> **Given data**
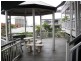 8/142 St Pauls Terrace, Spring Hill QLD 4000
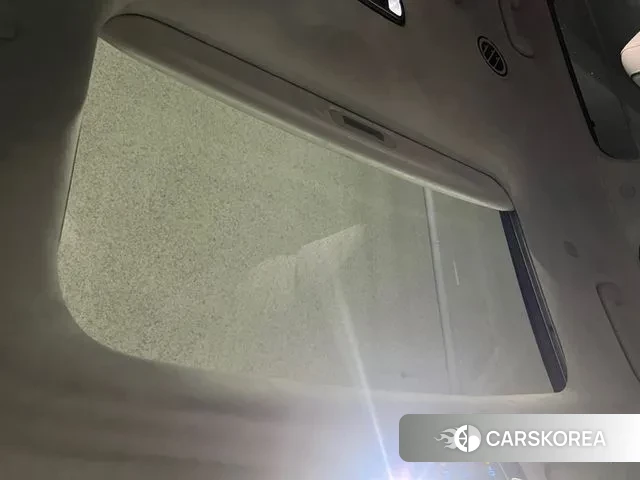 Hyundai The New Palisade id 3058120 из Кореи 9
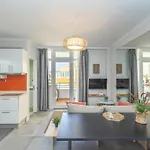 Canteras Seaviews - Balcony & Apartment Las Palmas / Gran Canaria
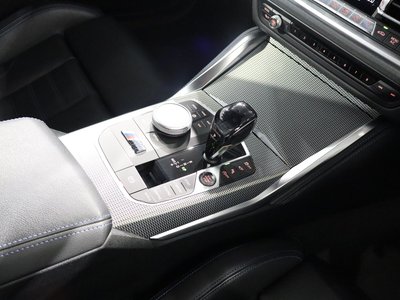 صورة مصغرة 31 لـ 2021 BMW 4 SERIES COUPE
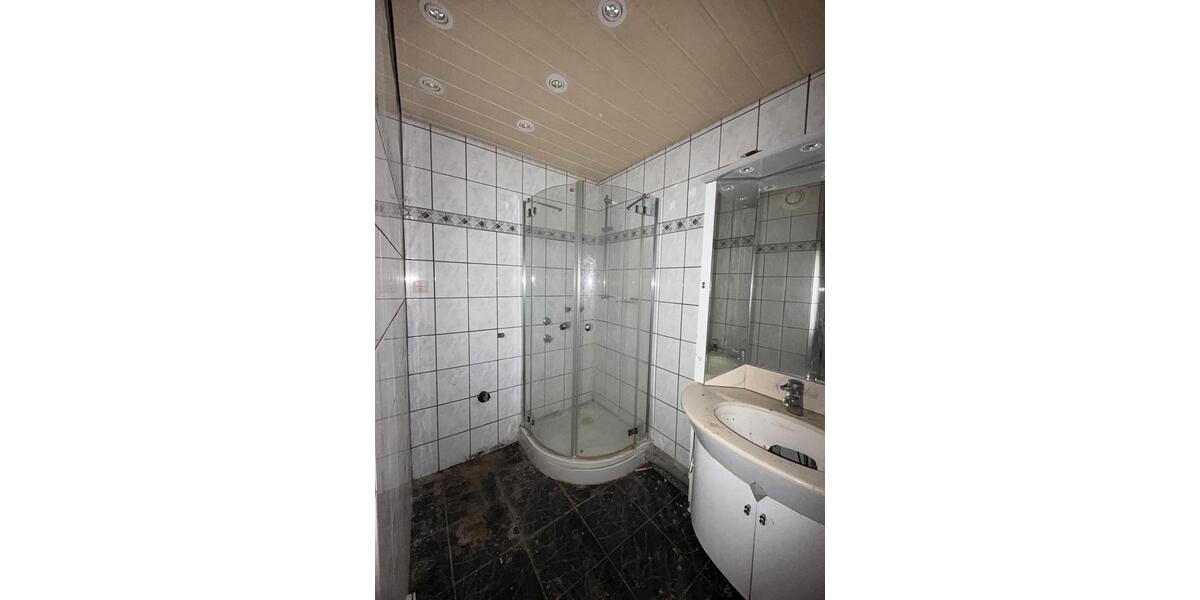 Etagenwohnung Duisburg Essenberg - 3 Zimmer, 84 m&sup2;, 666&euro; | Angebot:25118611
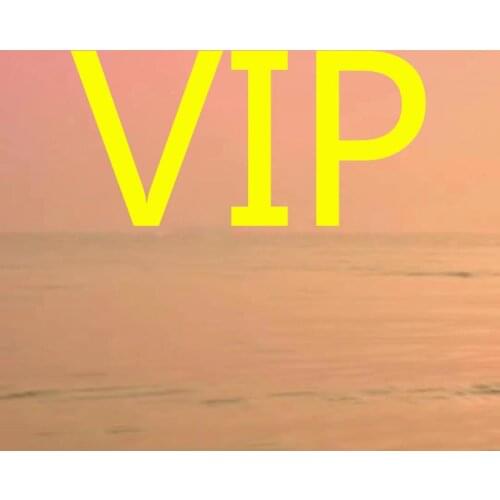 VIP3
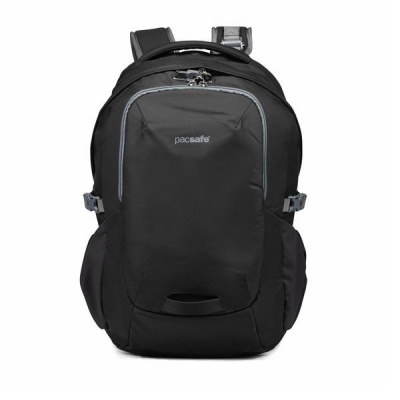   Pacsafe Venturesafe 25L G3 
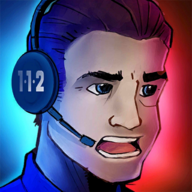 112接线员中文版手游 v1.6.5 最新版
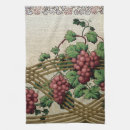 Recherche de raisin maison deco Raisins violets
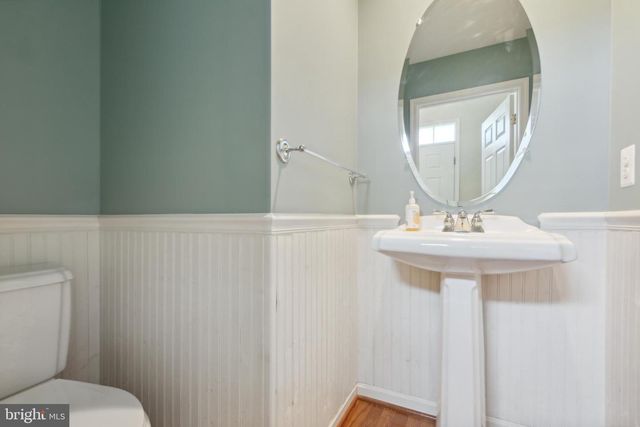 2482 JOSTABERRY WAY, Odenton, MD 21113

> **Required work**
Return the complete material above exactly, with no picture.

> **Result**
 8/142 St Pauls Terrace, Spring Hill QLD 4000
 Hyundai The New Palisade id 3058120 из Кореи 9
 Canteras Seaviews - Balcony & Apartment Las Palmas / Gran Canaria
 صورة مصغرة 31 لـ 2021 BMW 4 SERIES COUPE
 Etagenwohnung Duisburg Essenberg - 3 Zimmer, 84 m&sup2;, 666&euro; | Angebot:25118611
 VIP3
   Pacsafe Venturesafe 25L G3 
 112接线员中文版手游 v1.6.5 最新版
 Recherche de raisin maison deco Raisins violets
 2482 JOSTABERRY WAY, Odenton, MD 21113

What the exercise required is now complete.